Experience in Real-Life Machine Learning

I have been refreshing myself on the general topic of machine learning.   Mostly motivated by job requirements as well as my own curiosity.   That's why you saw my review post on the famed Andrew Ng's class.   And I have been taking the Dragomir Radev's NLP class, as well as the Machine Learning Specialization by Emily Fox and Carlos Guestrin [1].   When you are at work, it's tough to learn.  But so far, I managed to learn something from each class and was able to apply them in my job.

So, one question you might ask is how applicable are on-line or even  university machine learning courses in real life?     Short answer, they are quite different. Let me try to answer this question by giving an example that come up to me recently.

It is a gender detection task based on voice.  This comes up at work and I was tasked to improve the company's existing detector.   For the majority of the my time, I tried to divide the data set, which has around 1 million data point to train/validation/test sets.   Furthermore,  from the beginning of the task I decided to create sets of dataset with increasing size.  For example, 2k, 5k, 10k..... and up to 1 million.     This simple exercise, done mostly in python, took me close to a week.
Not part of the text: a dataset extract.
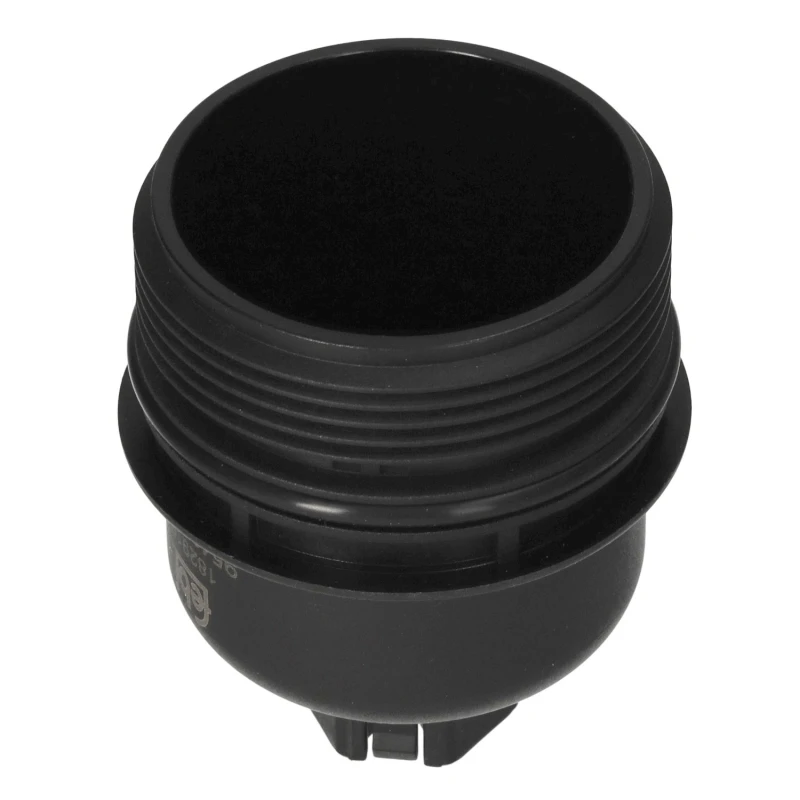 Image of Oil filter housing cap FEBI BILSTEIN 182919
Training, aka the fun part, was comparatively short and anti-climatic.  I just chose couple of well-known methods in the field.    And test on the progressively sized data set.  Since prototyping a system is so easy,  I was able to weed out weaker methods very early and come up with a better system.    I was able to get high relative performance gain.  Before I submitted the system to my boss, I also worked out an analysis of why the system doesn't give 100%.   No surprise.  it turns out volume of the speech matters, and some individual of the world doesn't like their sex stereotypes.    But so far the tasks are still quite well-done because we get better performance as well as we know why certain things don't work well.   Those are good knowledge in practice.

One twist here, after finishing the system, I found that the method which gives the best classification performance doesn't give the best speed performance.   So I decided to choose a cheaper but still rather effective method.    It hurts my heart to see the best method wasn't used but that's the way it is sometimes.

Eventually, as one of the architects of the system, I also spent time to make sure integration is correct.   That took coding, much of it was done in C/C++/python.  Since there were couple of bugs from some existing code,  I was spending about a week to trace code with gdb.

The whole thing took me about three months.  Around 80% of my time was spent on data preparation and  coding.  Machine learning you do in class happens, but it only took me around 2 weeks to determine the best model.   I could make these 2 weeks shorter by using more cores. But compare to other tasks,  the machine learning you do in class, which is usually in the very nice form, "Here is a training set, go train and evaluate it with evaluation set.",  seldom appears in real-life.  Most of the time, you are the one who prepare the training and evaluation set.

So if you happen to work on machine learning, do expect to work on tasks such as web crawling and scraping if you work on text processing,  listen to thousands of waveforms if you work on speech or music processing,  watch videos that you might not like to watch if you try to classify videos.   That's machine learning in real-life.   If you happen to be also the one who decide which algorithm to use, yes, you will have some fun.   If you happen to design a new algorithm. then you will have a lot of fun.  But most of the time, practitioners need to handle issues, which can just be .... mundane.   Tasks such as web crawling, is certainly not as enjoyable as to apply advanced mathematics to a problem.   But they are incredibly important and they will take up most of time of your or your organization as a whole.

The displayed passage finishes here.